Problem details |
Copy exactly, and only, the lines from the line containing "恒大悦珑台二手房实景图" through the last line of the records below, both included, and leave out any pictures.

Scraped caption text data
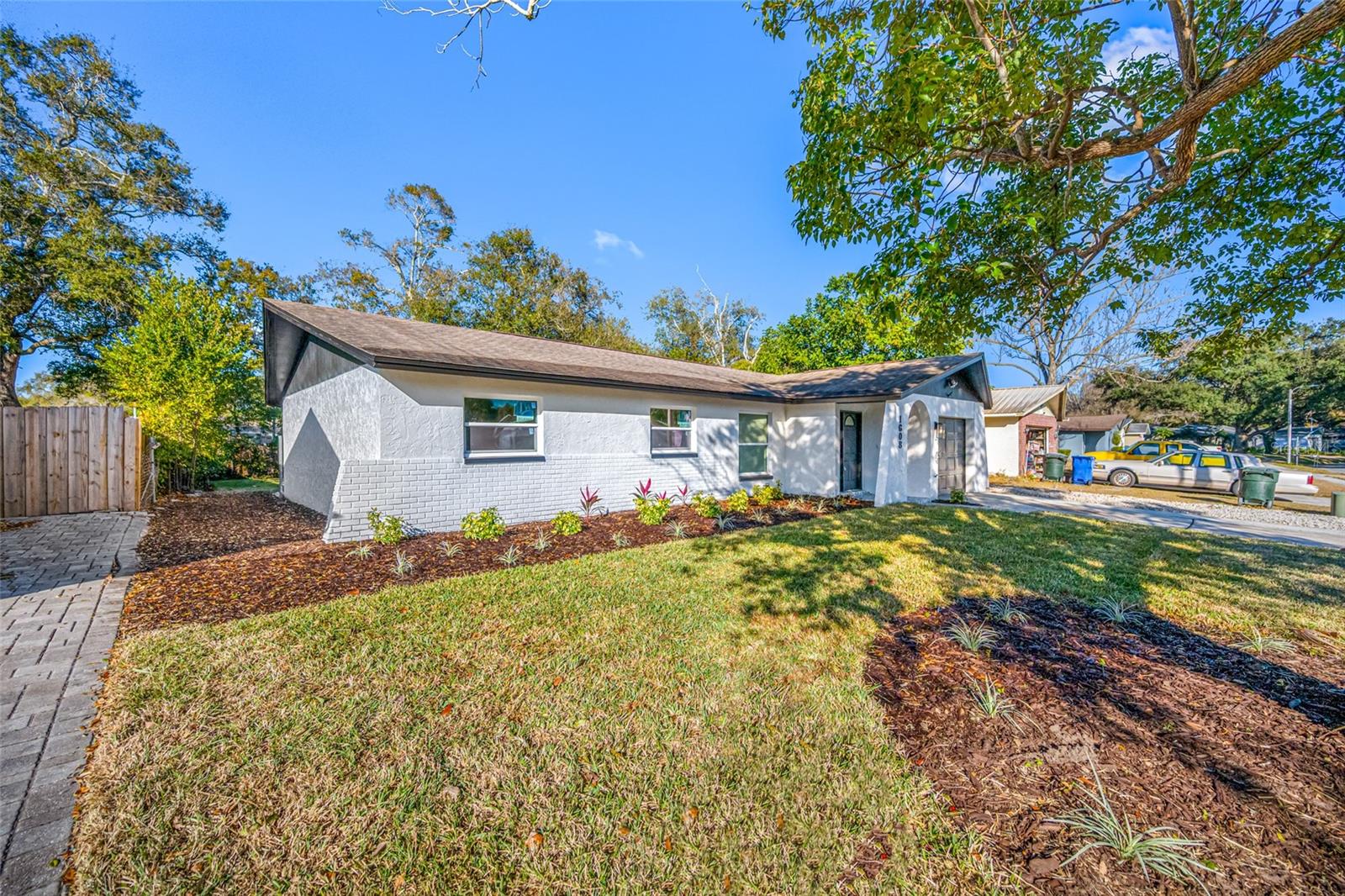 Image 47 of 49 For 1608 Amberlea Drive N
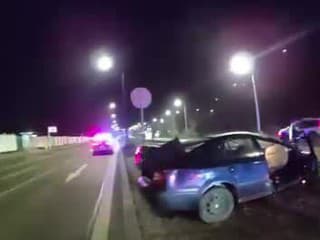 Nočný útek ulicami Bratislavy skončil haváriou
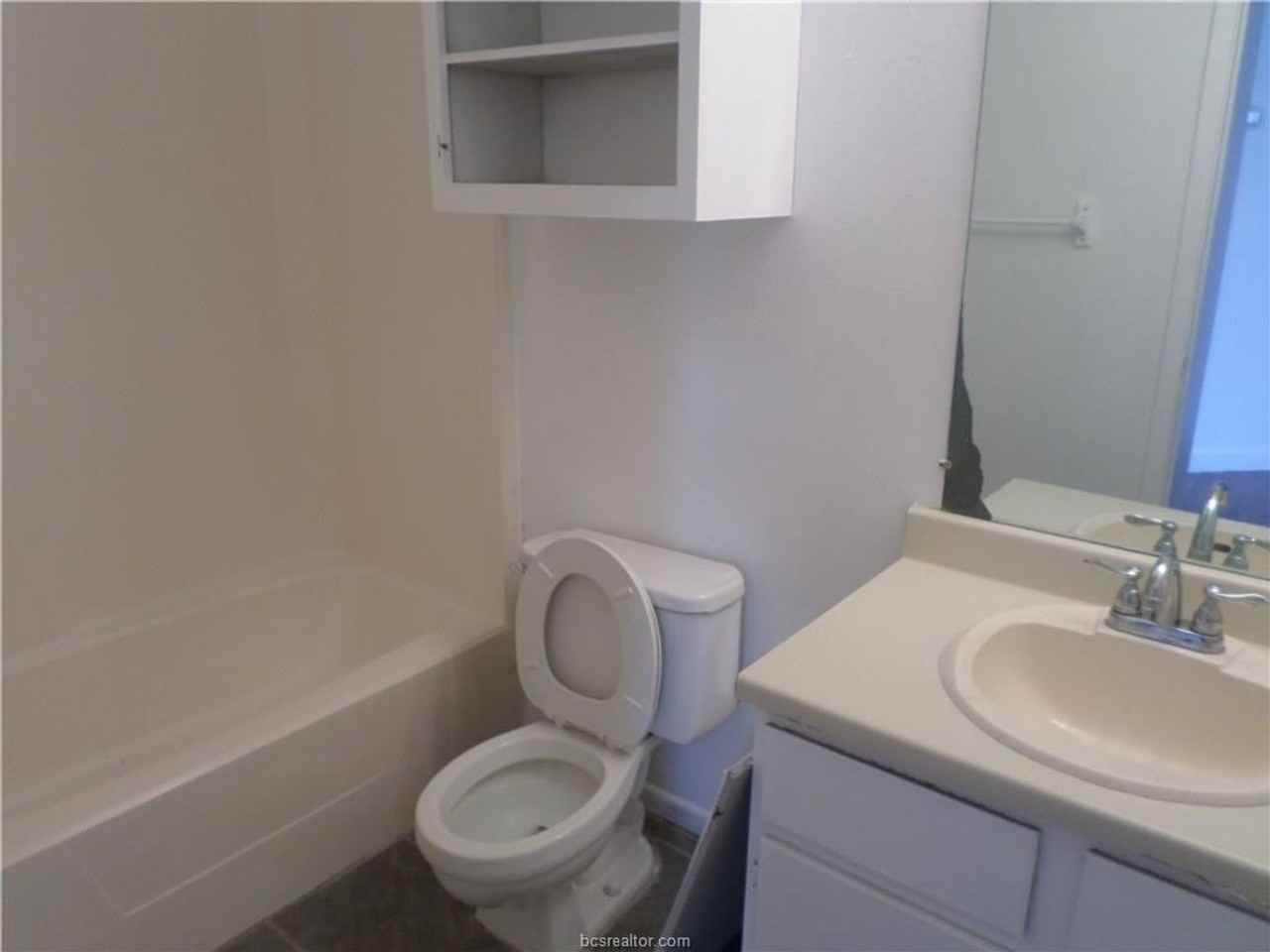 827 San Benito Dr - Photo 6 of 25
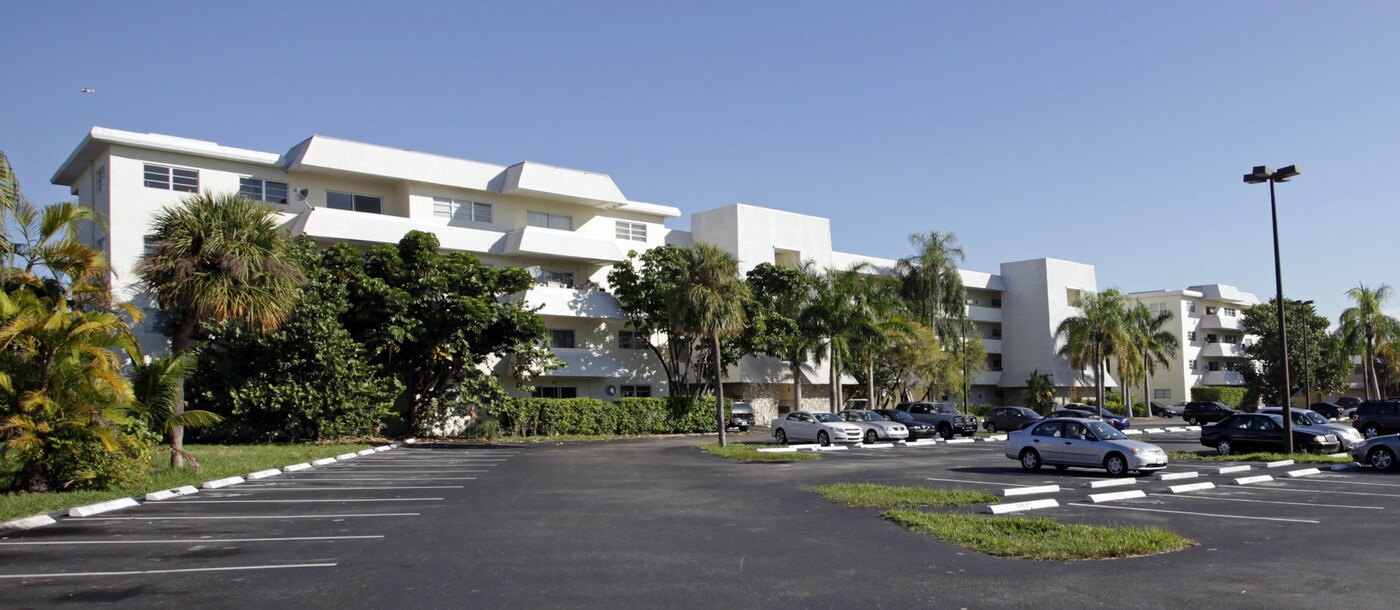 Village At Dadeland in Miami, FL - Foto de edificio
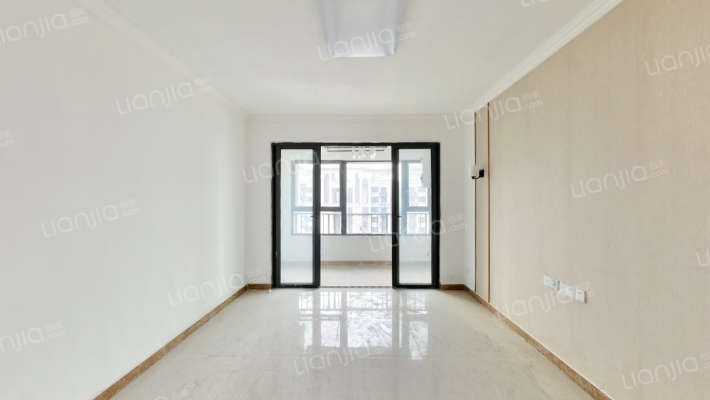 恒大悦珑台二手房实景图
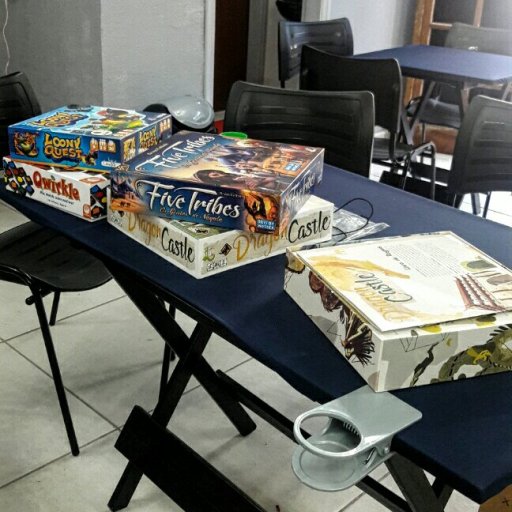 Loja para jogar Safe House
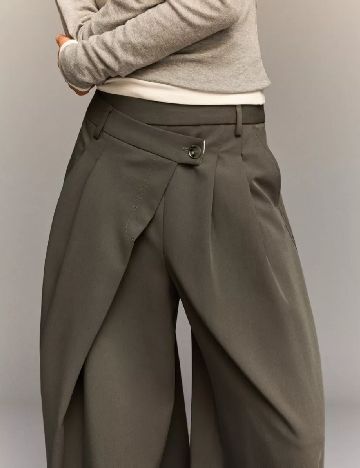 Pantaloni Bershka, maro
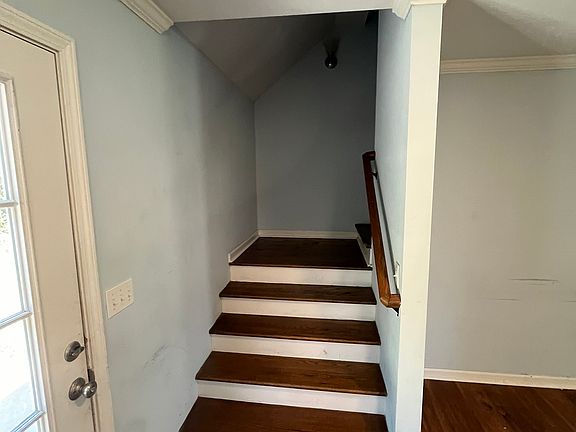 3rd image of 188 McNiel Dr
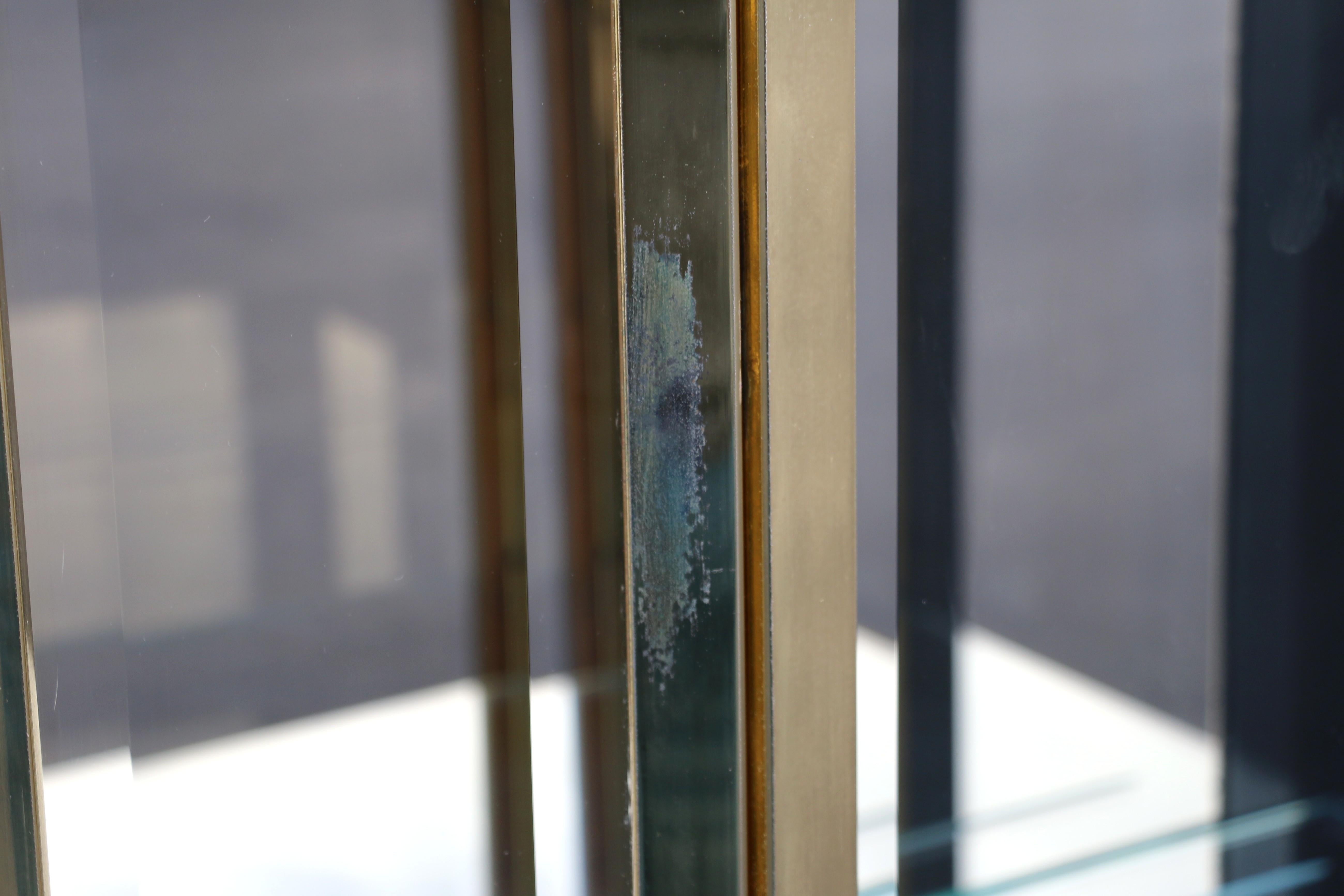 Vetrinette di metà secolo Henredon in lacca nera e vetro d'ottone in vendita 7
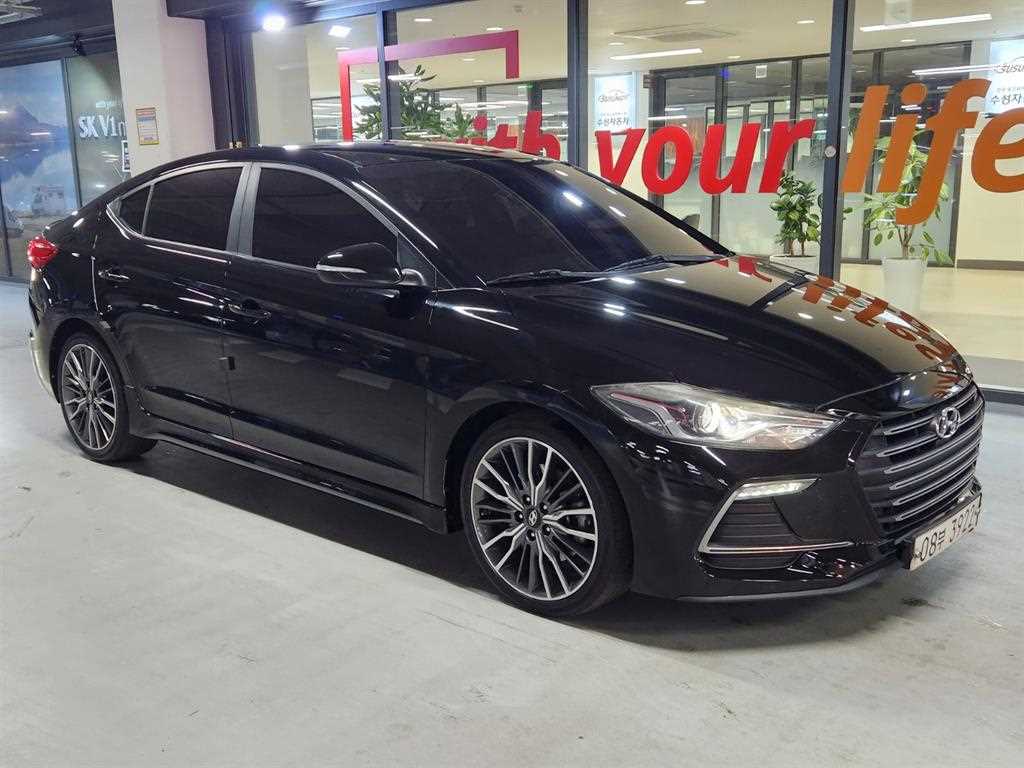 HYUNDAI Avante 2018 Negro - Importación desde Corea - HF Imports Iquique - Foto 1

Written answer |
 恒大悦珑台二手房实景图
 Loja para jogar Safe House
 Pantaloni Bershka, maro
 3rd image of 188 McNiel Dr
 Vetrinette di metà secolo Henredon in lacca nera e vetro d'ottone in vendita 7
 HYUNDAI Avante 2018 Negro - Importación desde Corea - HF Imports Iquique - Foto 1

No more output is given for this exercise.